*** Block opens ***
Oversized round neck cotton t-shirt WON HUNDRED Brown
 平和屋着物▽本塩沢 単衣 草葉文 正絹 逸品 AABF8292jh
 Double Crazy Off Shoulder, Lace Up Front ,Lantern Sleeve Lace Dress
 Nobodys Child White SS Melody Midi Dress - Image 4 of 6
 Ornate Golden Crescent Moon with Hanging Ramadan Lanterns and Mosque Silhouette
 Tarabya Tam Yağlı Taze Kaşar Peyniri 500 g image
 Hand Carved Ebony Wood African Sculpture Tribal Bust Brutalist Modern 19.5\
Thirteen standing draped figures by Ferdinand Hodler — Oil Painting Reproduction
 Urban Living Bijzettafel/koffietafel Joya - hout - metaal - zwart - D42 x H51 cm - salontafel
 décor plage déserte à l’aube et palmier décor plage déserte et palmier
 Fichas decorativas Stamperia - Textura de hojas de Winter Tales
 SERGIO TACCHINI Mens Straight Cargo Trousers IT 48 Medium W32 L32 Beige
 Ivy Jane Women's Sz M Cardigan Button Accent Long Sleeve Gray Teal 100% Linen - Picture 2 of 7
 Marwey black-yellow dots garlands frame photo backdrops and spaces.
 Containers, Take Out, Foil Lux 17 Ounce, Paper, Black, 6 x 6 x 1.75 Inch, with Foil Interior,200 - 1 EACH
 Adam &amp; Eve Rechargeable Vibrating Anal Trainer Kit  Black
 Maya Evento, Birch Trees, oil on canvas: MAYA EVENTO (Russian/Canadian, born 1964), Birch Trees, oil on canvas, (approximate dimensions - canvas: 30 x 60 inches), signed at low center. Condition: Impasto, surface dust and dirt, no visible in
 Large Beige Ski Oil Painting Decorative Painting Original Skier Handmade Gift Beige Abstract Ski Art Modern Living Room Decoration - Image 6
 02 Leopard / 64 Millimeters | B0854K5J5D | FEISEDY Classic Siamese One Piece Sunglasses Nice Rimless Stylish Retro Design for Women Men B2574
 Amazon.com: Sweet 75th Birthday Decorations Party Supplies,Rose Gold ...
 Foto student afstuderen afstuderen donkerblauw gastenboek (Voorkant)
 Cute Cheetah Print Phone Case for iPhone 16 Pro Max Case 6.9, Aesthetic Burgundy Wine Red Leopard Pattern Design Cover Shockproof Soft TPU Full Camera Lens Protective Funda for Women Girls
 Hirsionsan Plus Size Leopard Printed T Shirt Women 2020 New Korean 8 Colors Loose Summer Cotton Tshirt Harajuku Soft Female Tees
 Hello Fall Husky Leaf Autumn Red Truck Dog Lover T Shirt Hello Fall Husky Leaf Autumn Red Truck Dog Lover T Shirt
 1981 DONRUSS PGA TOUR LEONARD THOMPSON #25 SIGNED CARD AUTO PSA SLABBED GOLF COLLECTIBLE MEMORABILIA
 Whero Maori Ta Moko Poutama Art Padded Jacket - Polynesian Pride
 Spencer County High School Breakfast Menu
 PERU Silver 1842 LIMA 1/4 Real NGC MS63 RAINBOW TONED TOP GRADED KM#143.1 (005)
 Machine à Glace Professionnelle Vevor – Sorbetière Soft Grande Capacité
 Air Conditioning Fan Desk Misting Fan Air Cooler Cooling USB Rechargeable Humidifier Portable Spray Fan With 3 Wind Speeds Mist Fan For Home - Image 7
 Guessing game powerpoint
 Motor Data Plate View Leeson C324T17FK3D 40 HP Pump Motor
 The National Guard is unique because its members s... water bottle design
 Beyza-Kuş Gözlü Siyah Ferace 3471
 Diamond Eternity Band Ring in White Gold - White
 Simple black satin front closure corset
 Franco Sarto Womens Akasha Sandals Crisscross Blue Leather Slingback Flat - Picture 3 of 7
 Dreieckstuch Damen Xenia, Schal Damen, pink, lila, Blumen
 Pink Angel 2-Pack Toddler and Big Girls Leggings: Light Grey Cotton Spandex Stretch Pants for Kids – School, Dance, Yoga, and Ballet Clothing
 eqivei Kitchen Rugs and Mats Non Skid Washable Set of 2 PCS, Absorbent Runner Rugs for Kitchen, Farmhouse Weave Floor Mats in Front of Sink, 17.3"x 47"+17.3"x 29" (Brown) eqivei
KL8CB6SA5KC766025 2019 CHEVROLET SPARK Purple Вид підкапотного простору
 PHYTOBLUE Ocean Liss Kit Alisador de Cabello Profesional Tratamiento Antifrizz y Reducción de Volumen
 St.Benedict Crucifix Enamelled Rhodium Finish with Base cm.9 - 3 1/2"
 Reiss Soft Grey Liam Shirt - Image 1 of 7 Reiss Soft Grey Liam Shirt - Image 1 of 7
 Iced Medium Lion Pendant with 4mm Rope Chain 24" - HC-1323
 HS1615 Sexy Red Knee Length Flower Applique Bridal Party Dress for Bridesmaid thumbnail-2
*** Block closes ***
- Work to complete -
Print the records verbatim, stopping after the "Tarabya Tam Yağlı" line.

- Your response -
Oversized round neck cotton t-shirt WON HUNDRED Brown
 平和屋着物▽本塩沢 単衣 草葉文 正絹 逸品 AABF8292jh
 Double Crazy Off Shoulder, Lace Up Front ,Lantern Sleeve Lace Dress
 Nobodys Child White SS Melody Midi Dress - Image 4 of 6
 Ornate Golden Crescent Moon with Hanging Ramadan Lanterns and Mosque Silhouette
 Tarabya Tam Yağlı Taze Kaşar Peyniri 500 g image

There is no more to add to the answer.